研究課題
染色体クロマチン構造がダイナミックに変化する細胞分化過程において、Polycomb Group (PcG) 遺伝子は主要なクロマチン構成制御因子である。本研究課題では、生殖腺マスター遺伝子を制御するPcG メンバーCbx2に焦点をあて、これまでの技術を基に、微量なマウス胚細胞を用いたクロマチン免疫沈降 (ChIP)-sequencingをおこなう。得られた結果からCbx2標的ゲノム領域を同定する。さらに、効率的CRISPR/Cas9ゲノム編集システムにより作製する標的ゲノム領域欠失マウスの解析により、空間・時間を反映した個体レベルでの標的ゲノム領域の機能検証をおこなう。研究成果はヒト性分化疾患発症機序解明に新たな解析対象を提示する可能性がある。Cbx2は性分化・生殖腺分化に必須であることが明らかにされている唯一のPcG構成因子であり、ヒトにおいても46, XY complete gonadal dysgenesisタイプの DSD患者にCBX2機能変異が報告されている (Biason-Lauber et al., Am. J. Hum. Genet., 2009)。以上のようにCbx2は哺乳類における生殖システム構築の根幹に関わる重要な因子である。
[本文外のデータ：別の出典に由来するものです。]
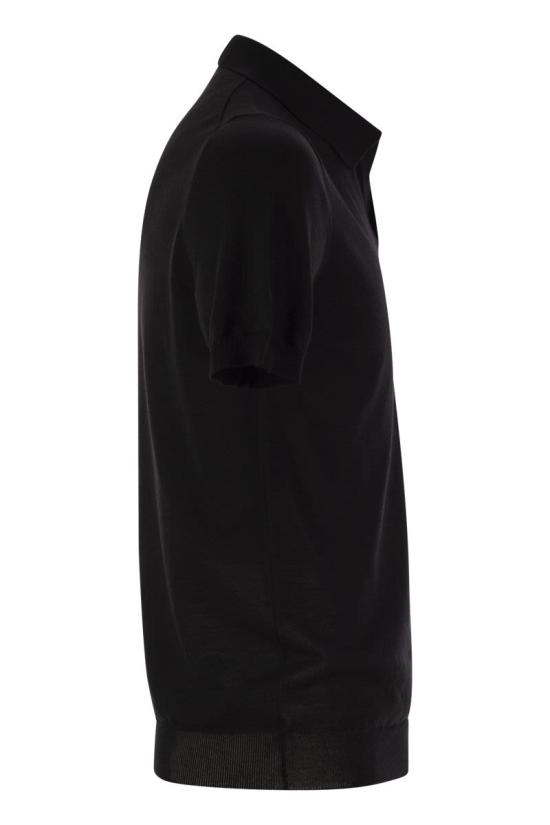 25SS 딸리아토레 폴로 티셔츠 KEITHGSE25 0125E219099 2111 BLACK - TAGLIATORE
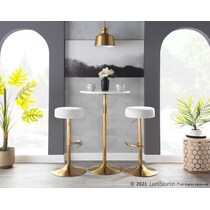cannes white bar stool   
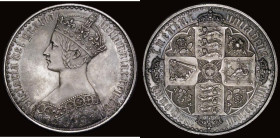 Crown 1847 Gothic ESC 288, Bull 2571, EF, the obverse field with only very minor nicks, attractively toned, the Gothic type continues to be a very pop...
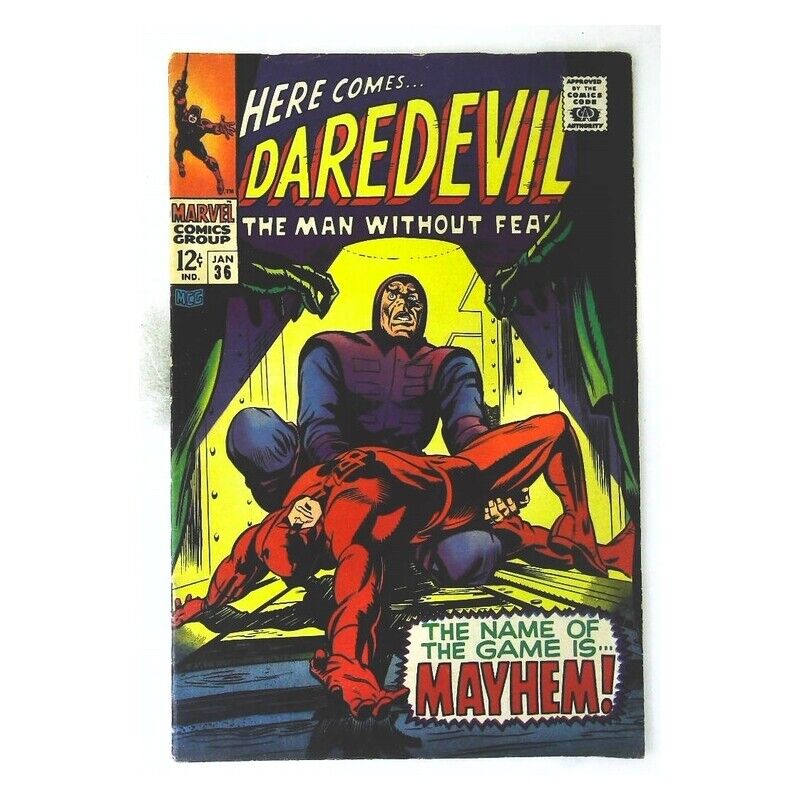 Daredevil (1964 series) #36 in Fine + condition. Marvel comics [l%
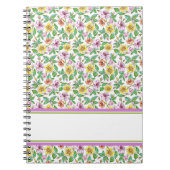 Carnet Fleur de printemps (Devant)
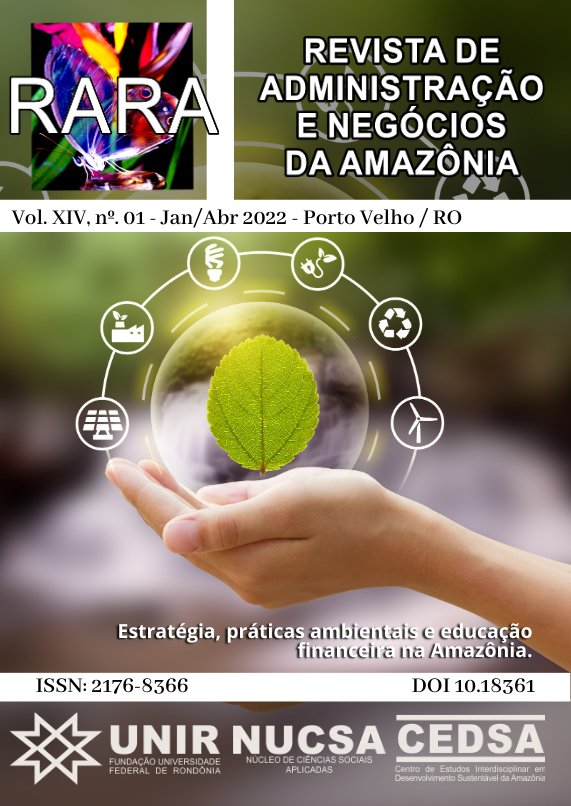					Visualizar v. 14 n. 1 (2022): Estratégia, práticas ambientais educação financeira da Amazônia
本研究では、性分化・生殖腺分化に必須なクロマチン因子Cbx2を手がかりに、性分化・生殖腺分化クロマチンレベルのマスター遺伝子制御機構を明らかにする。昨年度から本研究を開始したが、性分化過程を反映する適切な培養細胞系がないことから、生殖腺分化前の生殖腺および生殖腺分化後の生殖腺/中腎を用いて行なっている。生体内で構築過程の生殖腺を用いることで、空間と時系列を考慮した組織構築分子機構を解明できる。Cbx2抗体は既に独自に作製しており、Cbx2発現量の低いMEFを用いた予備実験では、解析限界を超える沈降DNAを回収した。
2: おおむね順調に進展している
マウス胎児生殖腺を実体顕微鏡下で中腎領域と分離して遺伝子発現解析が可能であることを確認した。これまでgene expression arrayでマウスポリコームCbx2ノックアウト性腺で発現変動のある遺伝子の発現変化を検証した。さらに当時gene expression arrayでは検討していなかったが、近年性分化に関わると予想されているnon-coding RNA、splycing variantの発現変動も検証した。ChIP-seq解析は1回の実験が高額であることから、条件検討を充分に行なっている。一度に得られる組織細胞量が生殖腺分化前の雌雄胎生10.5日中腎を含む予定生殖腺および生殖腺分化後の雌雄胎生11.5日生殖腺/中腎 では10000~50000個と非常に少ないが、生殖腺組織を固定後集積し保存する方法を確立した。マウスのゲノム編集のための技術は多くの遺伝子領域において効率的に安定して行なえることが昨年度中に明らかになった。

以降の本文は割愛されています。